Lifestyle Books and Art 27 Oct 2019 ‘Dancer become ...

‘Dancer becomes dance’

DECCAN CHRONICLE.
Published Oct 27, 2019, 12:07 am IST
Updated Oct 27, 2019, 12:07 am IST
Starting Dharani or even the journey of learning dance was not easy for Shyamala.
Meenakshi Srinivasan during a performance.
 Meenakshi Srinivasan during a performance.

Acclaimed dancer Shyamala Surendran’s Dharani School of Performing Arts will host some magnificent dance performances to mark its 32nd anniversary, this month

For over three decades the Dharani School of Performing Arts in Kochi has enthralled art lovers, patrons and students with the purest form of performing arts. The dance pedagogy at Dharani has strived to steer clear of the ‘art-for-sale-to-the-highest-bidder format. Central to upholding this ideology is the founder and trustee of Dharani, Shyamala Surendran.

 

Though a septuagenarian, the energetic Shyamala has proven that age is just a number through her vivacious performance as she teaches her students the nuances of the ashta nayikas, or while teaching korvais and jathis composed centuries ago. In its 32nd year, the Dharani School of Performing Arts is organising Kalotsav for art lovers of Kochi, from October 31 to November 3, with performances by Sankaran Namboodiri and Dr Jyotsna Jagannathan among others.
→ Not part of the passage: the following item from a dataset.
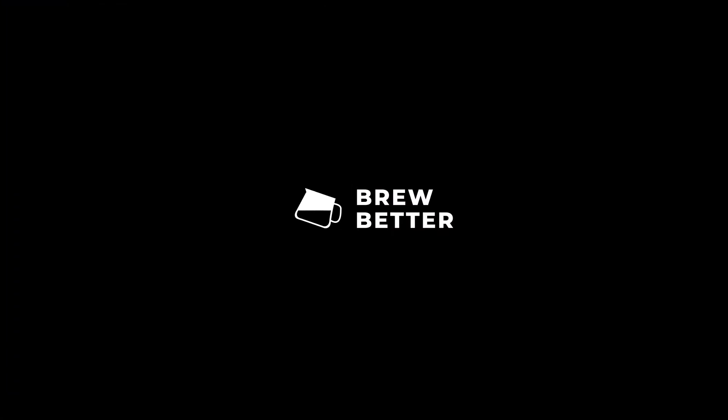Hello guys, I'm Dean and this is Brew Better. In this series, we'll be explaining to you how we brew the coffees that we roast and how to enjoy these coffees better.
There will also be a stellar production to be staged by Sampradaya Dance School in collaboration with performers from Canada, India and Bali. The production titled Pralaya will discuss the end of a yuga, through an exposition of Mahabharata.

Dr. Sandhya Jayakumar, joint convener of the Kalotsav and a student of Dharani, says, “I was a dancer long back and am now relearning dance at Dharani. As a student, I understand how much aunty (Shyamala as she is fondly called by her students) is passionate about the dance form. Bharatanatyam and Mohiniyattam are taught here and what is interesting is that whoever learns dance is also required to learn music. There are about 200 students here in the age group 7-60.”
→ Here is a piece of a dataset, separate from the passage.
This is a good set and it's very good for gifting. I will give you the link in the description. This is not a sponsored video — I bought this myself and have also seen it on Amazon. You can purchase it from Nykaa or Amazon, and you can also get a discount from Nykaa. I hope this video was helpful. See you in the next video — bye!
Starting Dharani or even the journey of learning dance was not easy for Shyamala. It was years after her marriage to Captain Surendran, at the age of 34, that she decided to pursue her passion of dance. She learned Bharatanatyam under the famed Padma Bhushan Awardees V.P. Dhananjayan and Shanta Dhananjayan and her abhinaya was perfected under the tutelage of Abhinaya Saraswathi and Padma Bhushan awardee late Kalanidhi Narayanan. She won the Kerala Sangeetha Nataka Akademi Award for her contributions to Mohiniyattam.
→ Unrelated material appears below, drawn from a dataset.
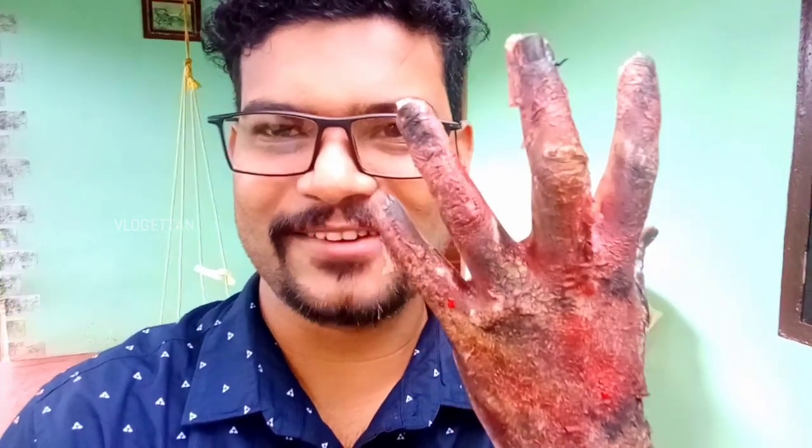This is our final look — how are we going to do it? If you want to make this video, please share this video and subscribe to our channel. It's me vlogger, and bye!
Dharani has refrained from participating in the culture of competitiveness perpetuated in Kerala. “Dance is an upasana, and thus cannot be commodified or encapsulated for quick consumption,” says Shyamala. In every class, she reinforces that “the dancer becomes the dance, it is the upasana to the dance form that blurs the line between the performer and the performance.” The audience in turn experiences that blissful rendition of the divine union.

In a transformative step as well as to drive home the message of women empowerment, Shyamala has transformed the committee to an all-women one. The baton is being passed from her able hands to the school trust and her students.

Dharani has hosted performances of some of the most celebrated artistes from across India – Vyjayanthimala Bali, Ustad Zakir Hussain, Leela Samson, Malavika Sarukkai, T.M.Krishna, Shobana, Manju Warrier, Priyadarshini Govind, Kavalam Srikumar, Raja Rama Varma,  Srivalsan Menon, and many others.